Şayet bir ormana kampa gidecekseniz veya bir arazide uzun bir zaman kalacaksanız, yanınızda peri ekmeği olması size avantaj sağlayabilir. Peri ekmeğinizi ormanda bir ağacın altına koymanız, perilerin size zarar vermesini nispeten önleyebilir. Sizin bu cömert paylaşımınız bir barış anlaşması yerine geçer. Hatta bu paylaşımınız karşılığında sizinle bir şeylerini bile paylaşma ihtimalleri vardır. Ancak bu her zaman olabilecek bir konu değildir. Şayet ekmeğinizi beğenmezlerse, ormanda kaybolmanıza vesile olup, en değerli eşyanızı çalabilirler. Sizi, vahşi hayvanların yoluna çıkarabilirler. Bu konuya lütfen çok dikkat edin.
Diğer taraftan, böyle bir riske girmek istemiyorsanız, yanınızda tatlı bir meyve getirip, hediye edebilirsiniz. Özellikle üzümler periler için çok önemli bir yere sahiptir. Yanınızda getireceğiniz bir salkım tatlı üzümü ağaçların altına paylaştırmanız, oldukça cömert bir yaklaşım olarak algılanır.
Çilek ve tatlı elma ise oldukça mutlu olacakları bir hediyedir. Şayet yanınızda kabartma tozu, tuz, hazır vanilya kullanmadığınız bir kurabiyeniz varsa onu da paylaşabilirsiniz.
Tehlikeli Olabilecek Seviye:
Peri ekmeği tarifi:
Yulaf lapası,
Taze sıkılmış tatlı siyah üzüm suyu veya
toprak çömlekte eski usul mayalanmış tatlı şarap,
Bal,
Bu ekmeğin yanına bir parça evde doğal olarak yapılmış tuzsuz tatlı peynir ikramı da yapılabiliyor.

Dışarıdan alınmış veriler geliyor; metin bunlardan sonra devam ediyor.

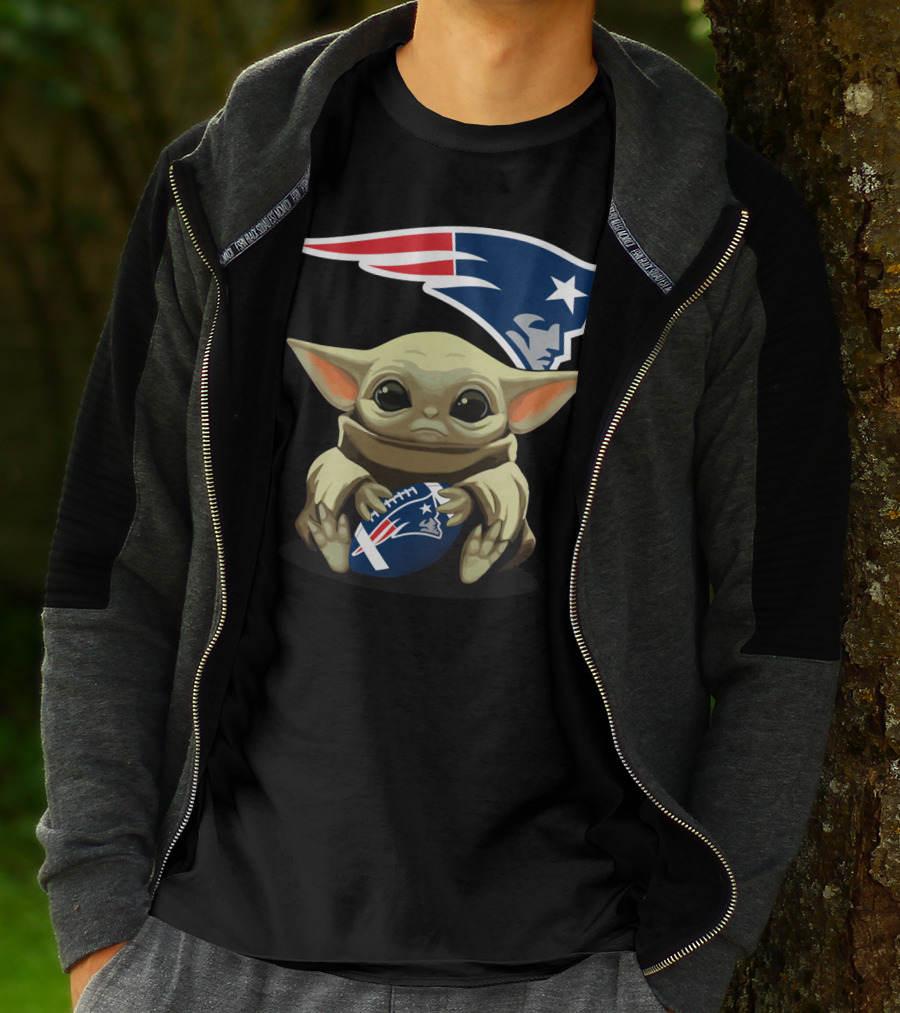 Yoda Baby Patriots Football Star Wars Crossover T-Shirt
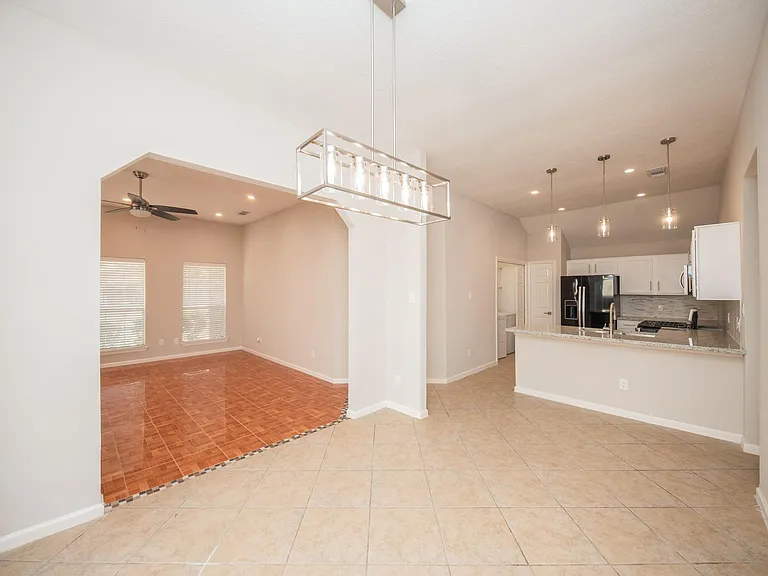 121 Coffee Ln — Photo 10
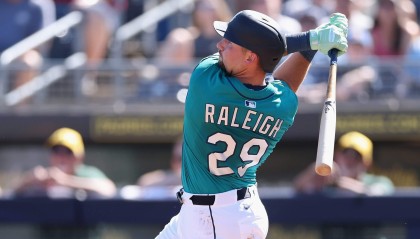 ⚾今日双响追平纪录，水手重炮劳雷：我有能力把球轰出球场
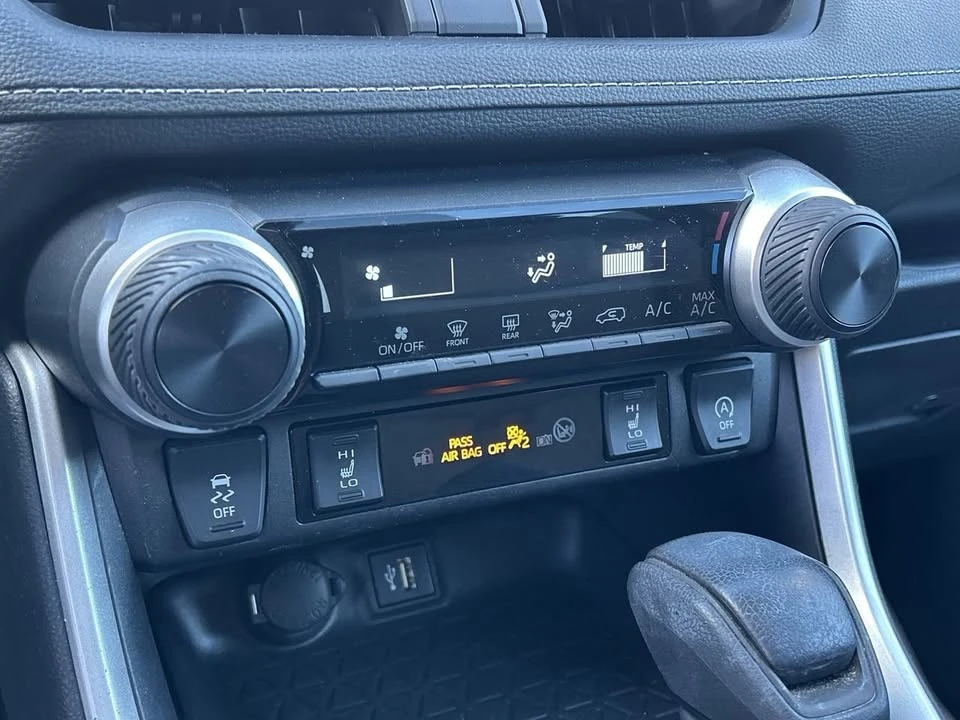 2024 Toyota RAV4 5th Gen - Image 12 of 14
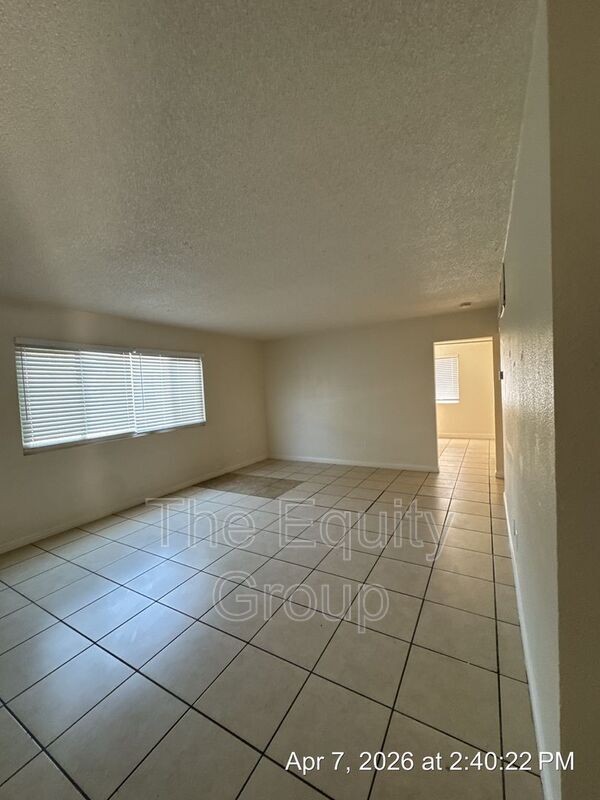 Building Photo - 524 S Encina St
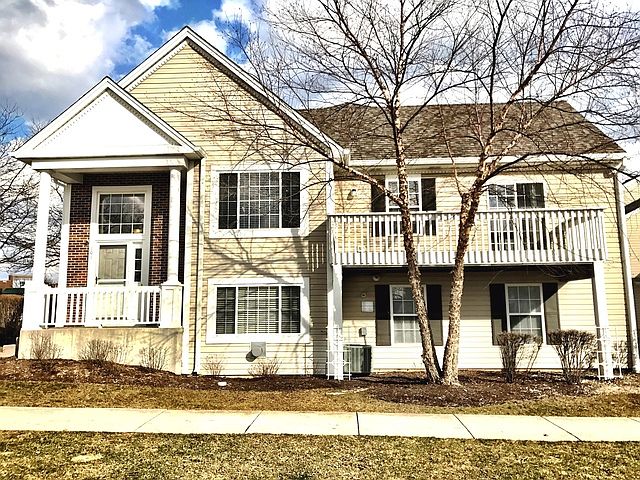 1st image of 101 E Victoria Cir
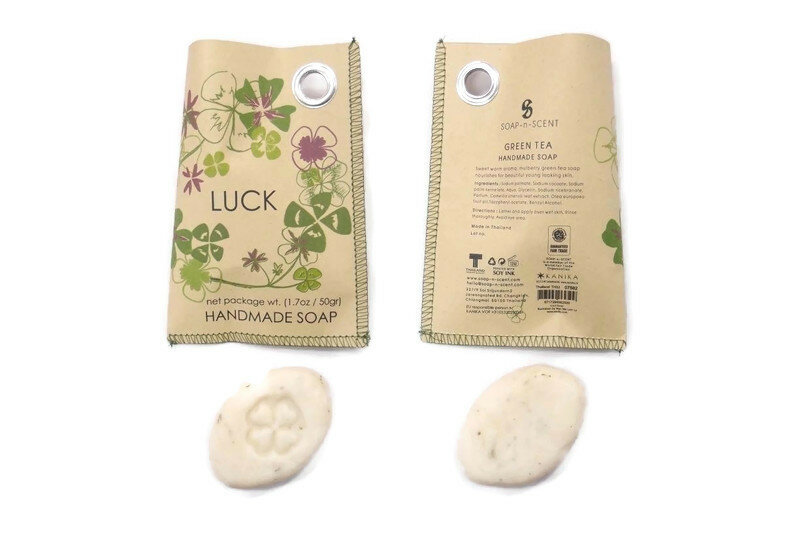 Fairtrade cadeau zakje met zeepje 'Luck' van Kanika, groene thee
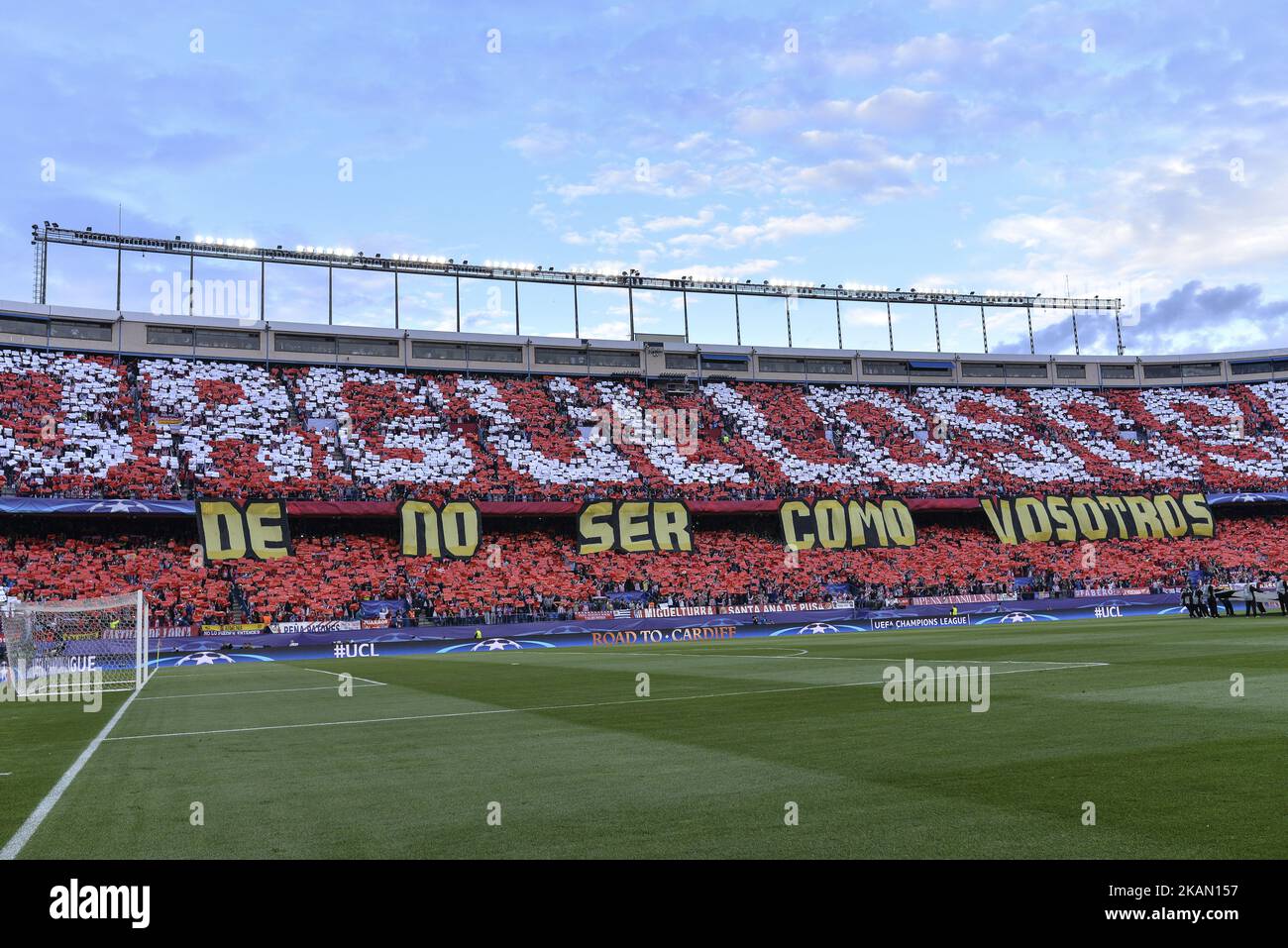 Ein allgemeiner Blick in den Boden vor dem UEFA Champions League Halbfinale der zweiten Etappe zwischen Club Atletico de Madrid und Real Madrid CF im Vicente Calderon Stadion am 10. Mai 2017 in Madrid, Spanien. (Foto von Isa Saiz/NurPhoto) *** Bitte nutzen Sie die Gutschrift aus dem Kreditfeld *** Stockfoto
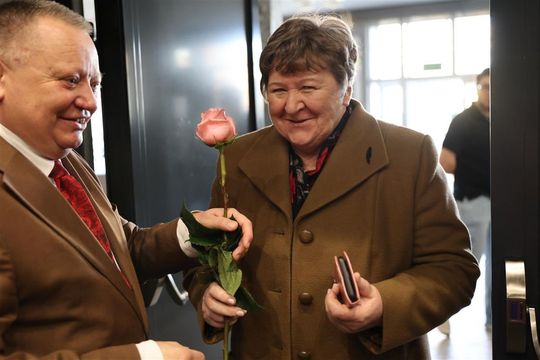 Panowie witali panie kwiatami. Dzień Kobiet w Tomaszowskim Domu Kultury [ZDJĘCIA]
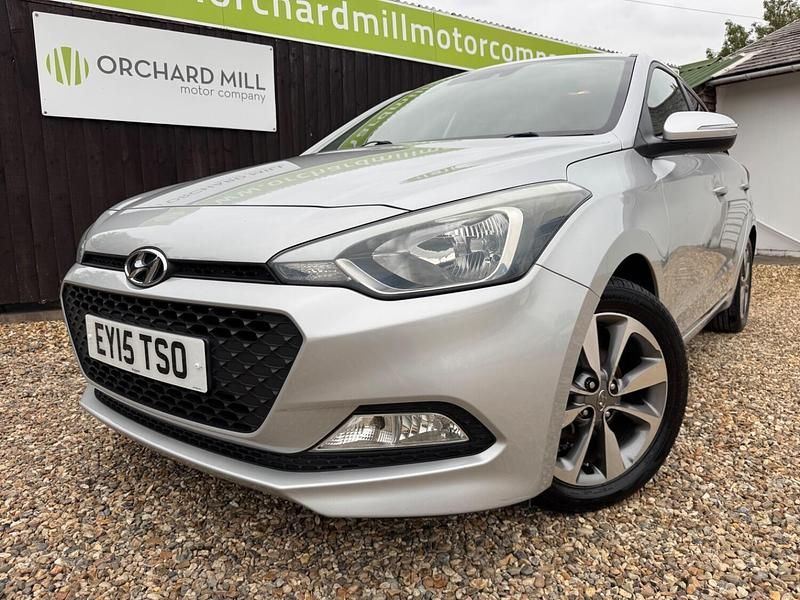 Silver Used 2015 Hyundai i20 SE Hatchback | £6,995 (A bit pricey) - Image 1/4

Bu karışımı fırında pişirdiğinizde kıvam olarak içi tam pişmiş ama sert olmayacak şekilde olmalı. Periler, ekmeği aldıklarında önce içinde tuz olup, olmadığına bakıyorlar. Tuz demek, düşman demektir. Daha sonra sertliğini yani özgül ağırlığını kontrol ediyorlar. Onlara göre sertlik kalite demektir. Ancak içinin de yumuşak olmasına önem gösteriyorlar. Yani bu testten geçemezseniz bir saldırıya maruz kalabilirsiniz. Malumunuz, periler belki bu ekmeği yüzyıllardır insan elinden yemediler ve ekmeğin kalitesi için yüksek bir beklenti içinde oluyorlar. Ama bu testten geçerseniz ormanda harika zamanlarda geçirme ihtimaliniz vardır.